Work request
Nothing except the pictures should be left out when you reproduce the listing exactly.

Data to process
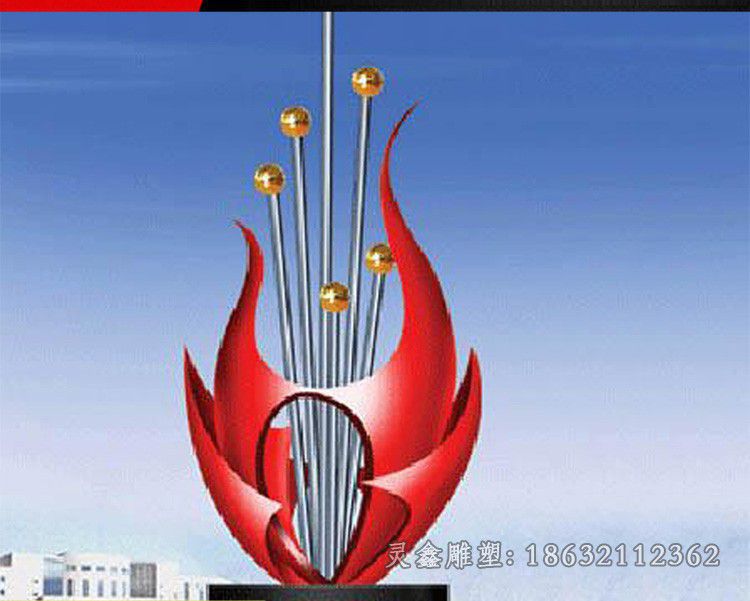 不锈钢抽象花朵广场雕塑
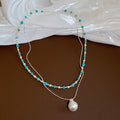 Light Luxury Double Layer Necklace With Zircon Cat Eye Stone Pearl Beads Round Geometric Choker For Women view 2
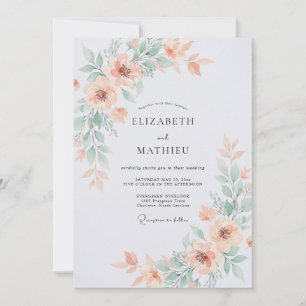 Peach Watercolor Floral Romance Wedding Invitation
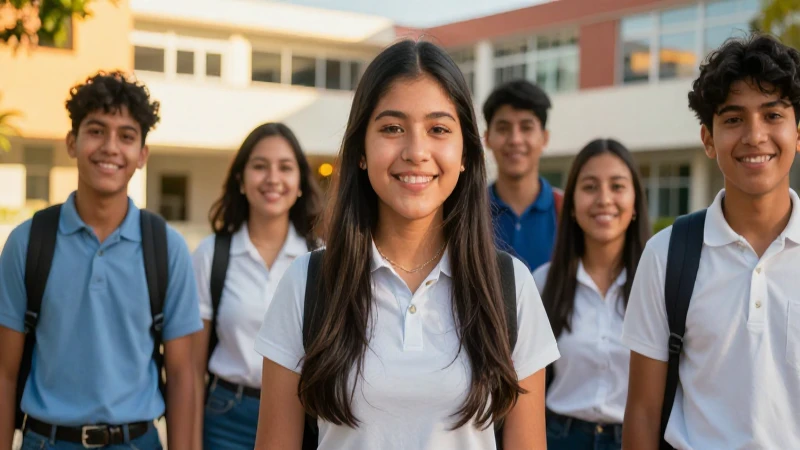 Estudiantes mexicanos sonrientes en campus moderno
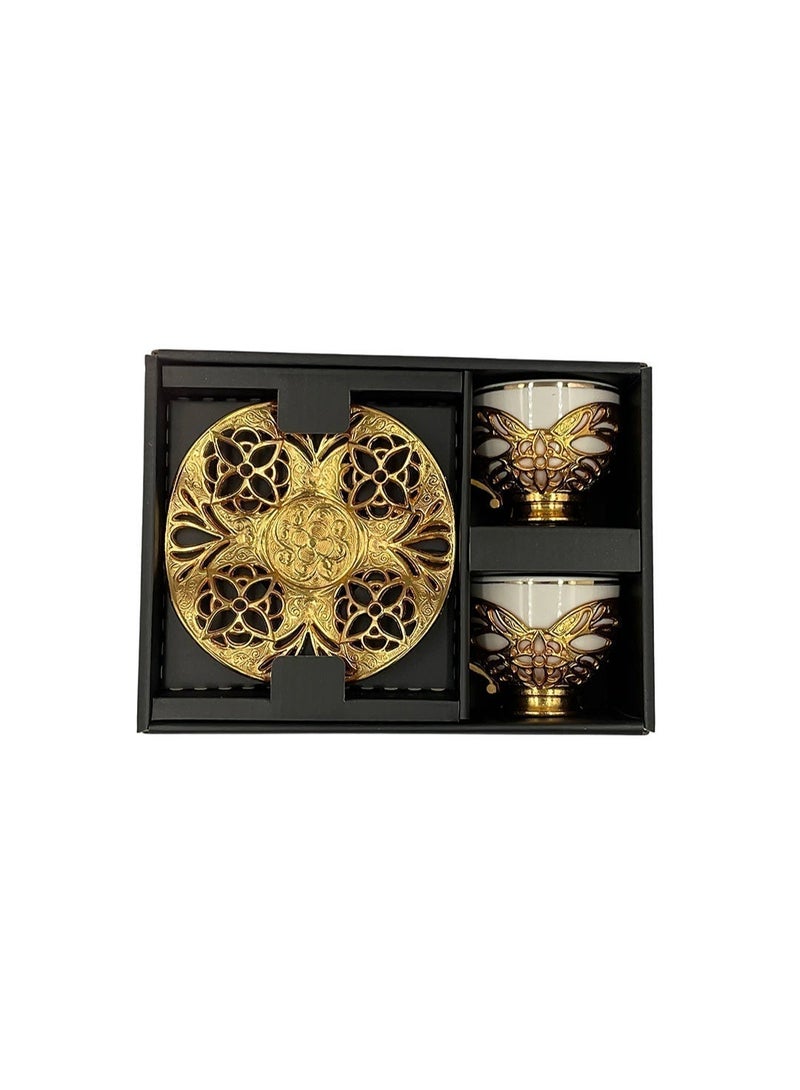 Acar Luxury Turkish Coffee Set of 2 Cups with Holders and Saucers in Elegant Ottoman Style in Gold – Made in Turkey - Image 4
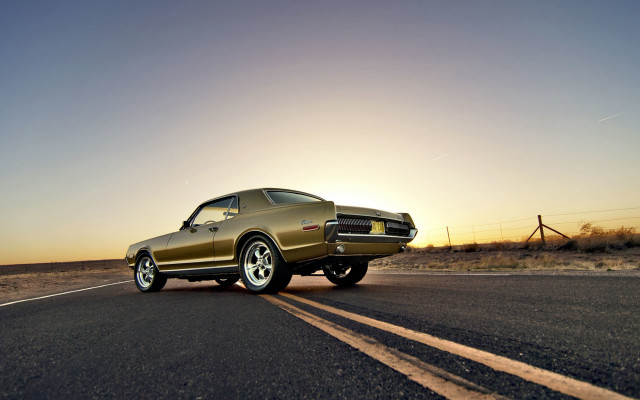 Golden morning muscle car road free wallpaper for desktop - medium preview image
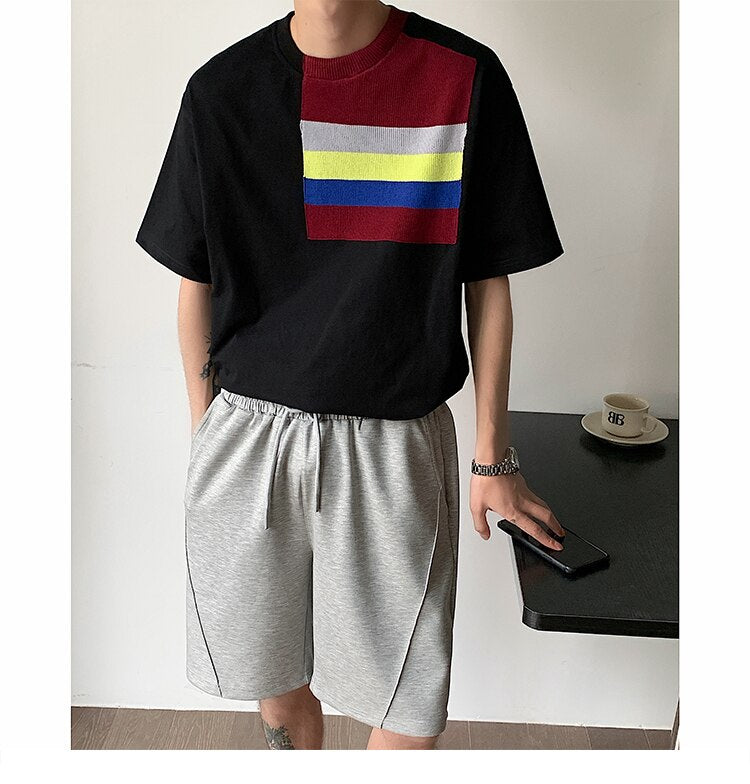 Advbridge 2023 Men's Summer Casual Short Sleeves Knitted T-Shirts Male Slim Fit Round Collar Leisure Contrast T-shirt Fashion Tees E151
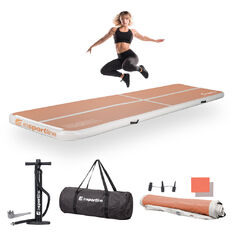 Inflatable Exercise Mat inSPORTline Airstunt 400 x 100 x 10 cm Mocha Mousse w/ Hand Pump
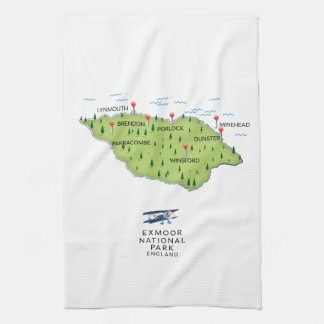 Exmoor National Park map Tea Towel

Response box
 不锈钢抽象花朵广场雕塑
 Light Luxury Double Layer Necklace With Zircon Cat Eye Stone Pearl Beads Round Geometric Choker For Women view 2
 Peach Watercolor Floral Romance Wedding Invitation
 Estudiantes mexicanos sonrientes en campus moderno
 Acar Luxury Turkish Coffee Set of 2 Cups with Holders and Saucers in Elegant Ottoman Style in Gold – Made in Turkey - Image 4
 Golden morning muscle car road free wallpaper for desktop - medium preview image
 Advbridge 2023 Men's Summer Casual Short Sleeves Knitted T-Shirts Male Slim Fit Round Collar Leisure Contrast T-shirt Fashion Tees E151
 Inflatable Exercise Mat inSPORTline Airstunt 400 x 100 x 10 cm Mocha Mousse w/ Hand Pump
 Exmoor National Park map Tea Towel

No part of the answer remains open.